Mistborn By The Numbers

In my opinion, Brandon Sanderson’s writing is excellent. Others have described it as being technically perfect. His novels are epics in both concept as well as size but they are very accessible. He structures his sentences in ways that make them easy to read, I don’t need a dictionary beside me and he doesn’t give the impression that he swallowed a thesaurus. Put simply, if my writing in any way approached his I would be proud of myself.

My opening paragraph contains numerous subjective statements. I firmly believe that they are accurate but how am I going to prove them? The answer is, sadly, I don’t know that I can prove them. All I can do is put forward my opinion and – provided it is shared by enough people – I might be considered correct. The purpose of this post isn’t to prove my belief that Brandon Sanderson writes well, that is something that you will either agree with or disagree with, but there is something that none of us can deny. He absolutely writes well enough to have gotten himself published and to have him personally selected to complete another author’s magnum opus.
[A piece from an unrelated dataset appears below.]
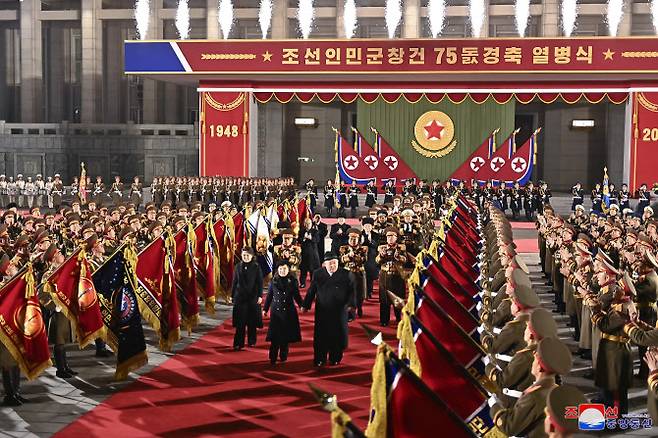 북한이 건군절(인민군 창건일) 75주년인 지난 2월 8일 평양 김일성광장에서 열병식을 개최한 가운데 김정은 국무위원장과 딸 김주애가 행사장에 들어서고 있다. (사진=조선중앙통신)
So, questions of quality aside, I thought it would be interesting to do a little digging, to pull apart his writing and see what its made of. In this post I am going to take all three of his hugely popular Mistborn books and break them down into some key metrics that will hopefully be an interesting baseline by which I might measure my own writing.

Before I start though I am making an assumption you are aware of the books I am talking about (and if you aren’t I will asume you either live under a rock or have just awoken from a coma). To refresh your memory here are the cover images. Click on them to take you to the amazon page for each book where you can read reviews and whatnot to assure you that his work is well liked.

Let me start with some high level numbers for the three books.

  Book 1 Book 2 Book 3
Word Count 213,348 245,172 234,908
Sentence Count 22,368 25,951 24,108
Paragraph Count 7,785 9,091 7,397
Unique Words 10,043 10,199 10,110
Average letters per word 4.5 4.4 4.4
Average words per sentence 9.5 9.4 9.7
Average sentences per paragraph 2.9 2.9 3.3

What does this tell me. Well firstly that all three books are very similar in terms of size and structure. The words, sentences, and paragraphs are all about the same size. Some of you might recognise these measures as being inputs into certain readability models. Regardless of which of the many such models you subscribe to the one thing they have in common is that words per sentence, and letters per word is relevant to how readable a particular bit of text is. So I would argue that the fact that all three of these books are very similar in these measures is no mere coincidence.

Next I want to examine the words themselves. To do this I have a table showing the ten most frequently used words in each of the three books. I will show the word, how often it appears in the text and then the average gap between subsequent occurences of the word.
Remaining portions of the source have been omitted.